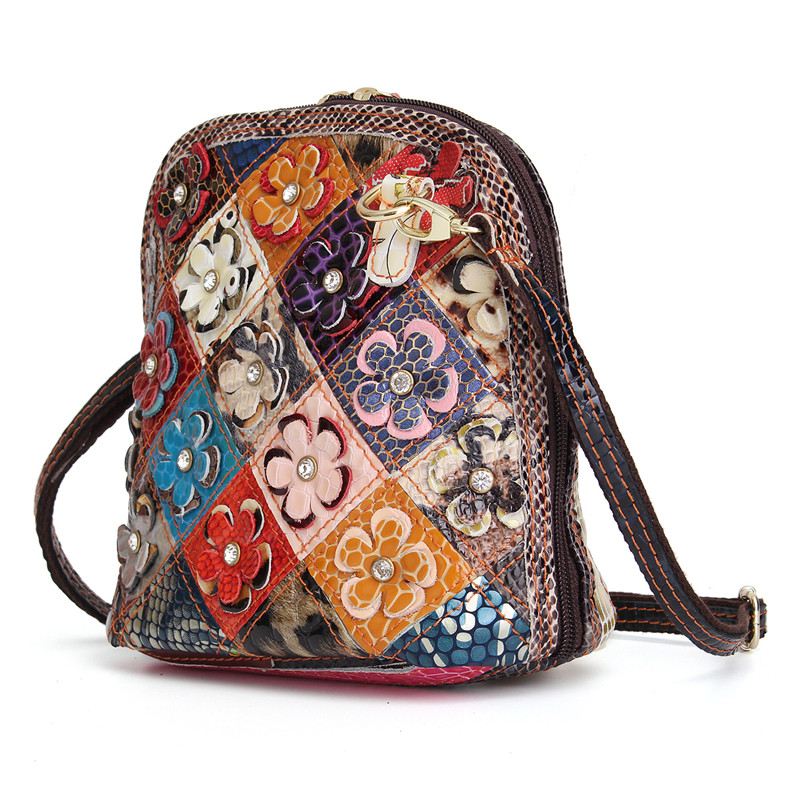 Kvinder Ægte Læder Patchwork Floral Crossbody Taske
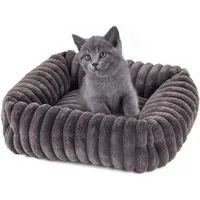 Wallace & Jones Tierbett Katzenbett Mary, edle Cordstoff-Optik, gepolsterte Seitenwände, anthrazit, ca. 71 x 58 x 18 cm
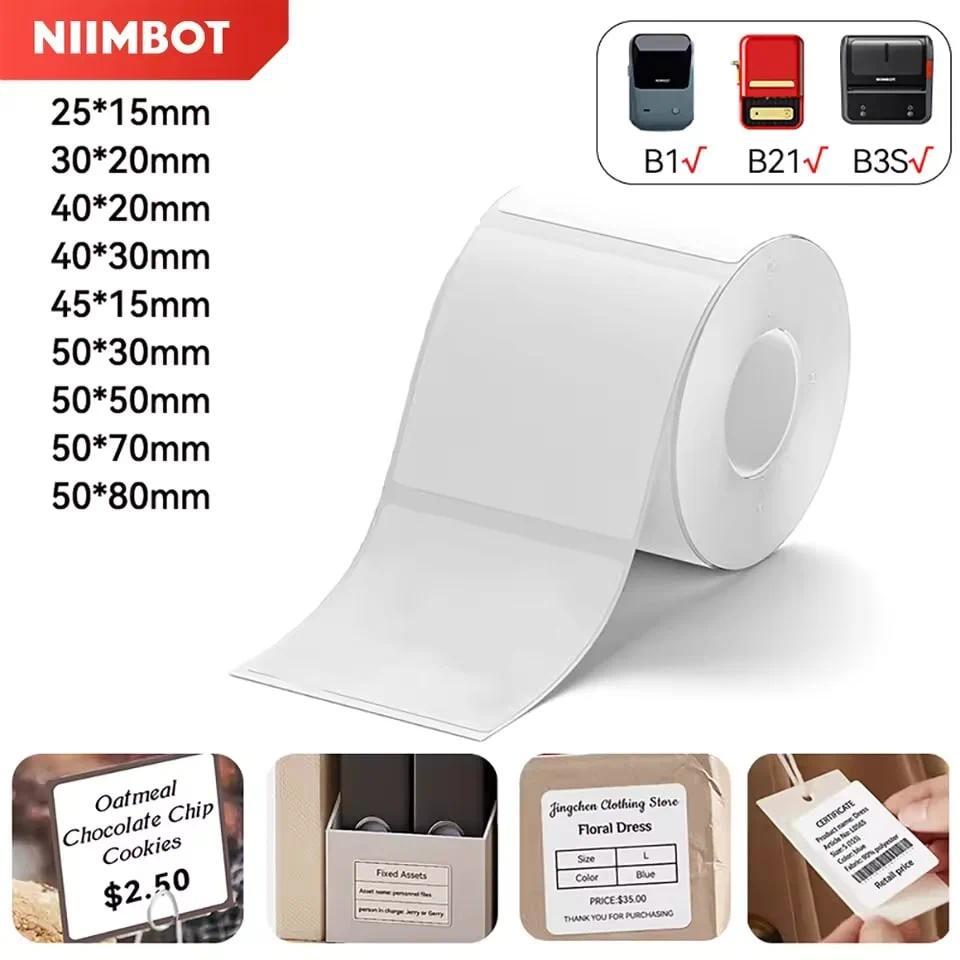 Niimbot 1 Cuộn B1 Miếng Dán Trắng Giấy Chống Thấm Nước Dính Nhãn Trắng Chống Dầu Cho B1 B21 Mini Di 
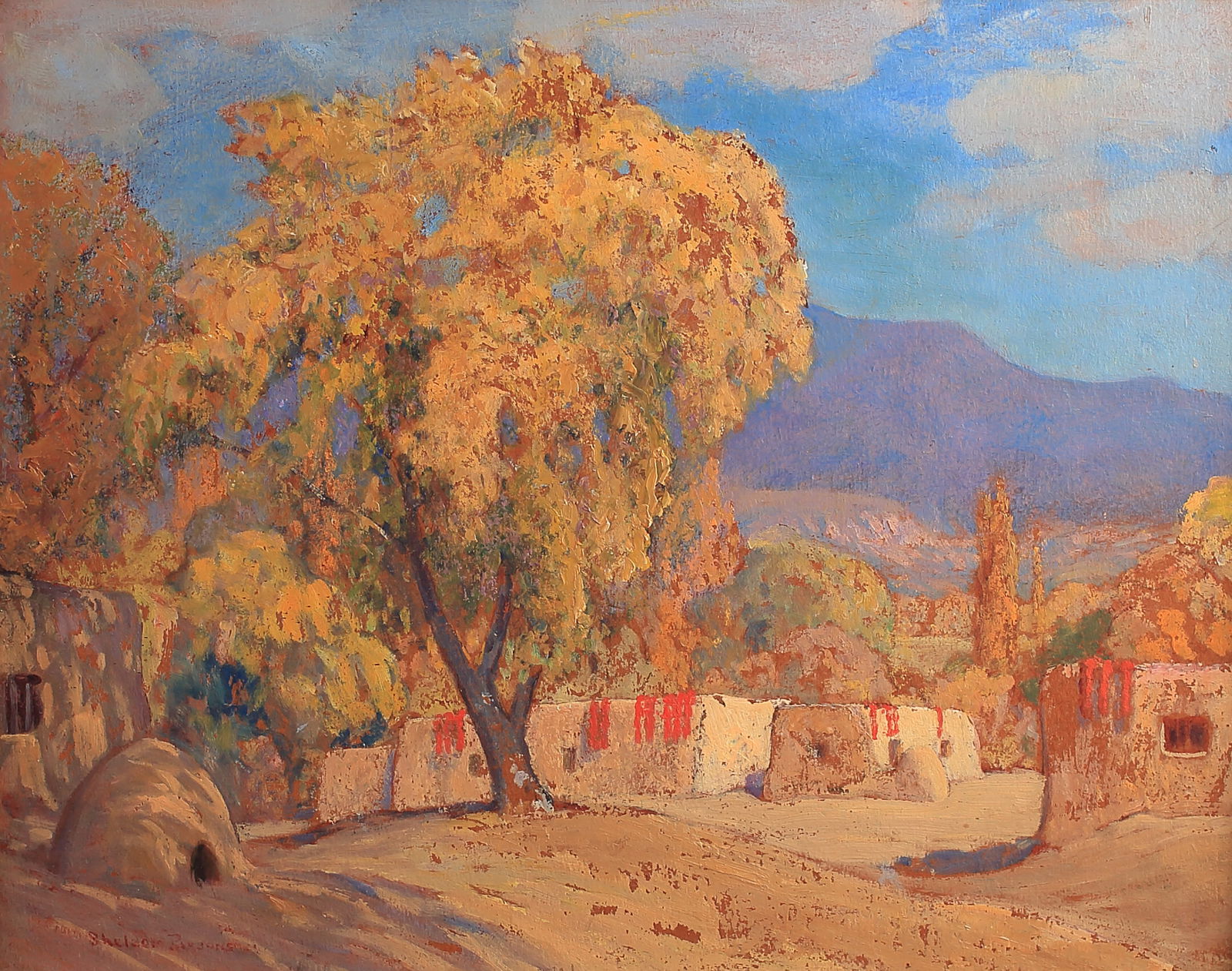 Sheldon Parsons (Am. 1866-1943), Adobes with Red Chillies, oil on board (1 of 7)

**How to complete this task**
Return every line of the listing exactly, leaving its pictures behind.

**Written reply**
 Kvinder Ægte Læder Patchwork Floral Crossbody Taske
 Wallace & Jones Tierbett Katzenbett Mary, edle Cordstoff-Optik, gepolsterte Seitenwände, anthrazit, ca. 71 x 58 x 18 cm
 Niimbot 1 Cuộn B1 Miếng Dán Trắng Giấy Chống Thấm Nước Dính Nhãn Trắng Chống Dầu Cho B1 B21 Mini Di 
 Sheldon Parsons (Am. 1866-1943), Adobes with Red Chillies, oil on board (1 of 7)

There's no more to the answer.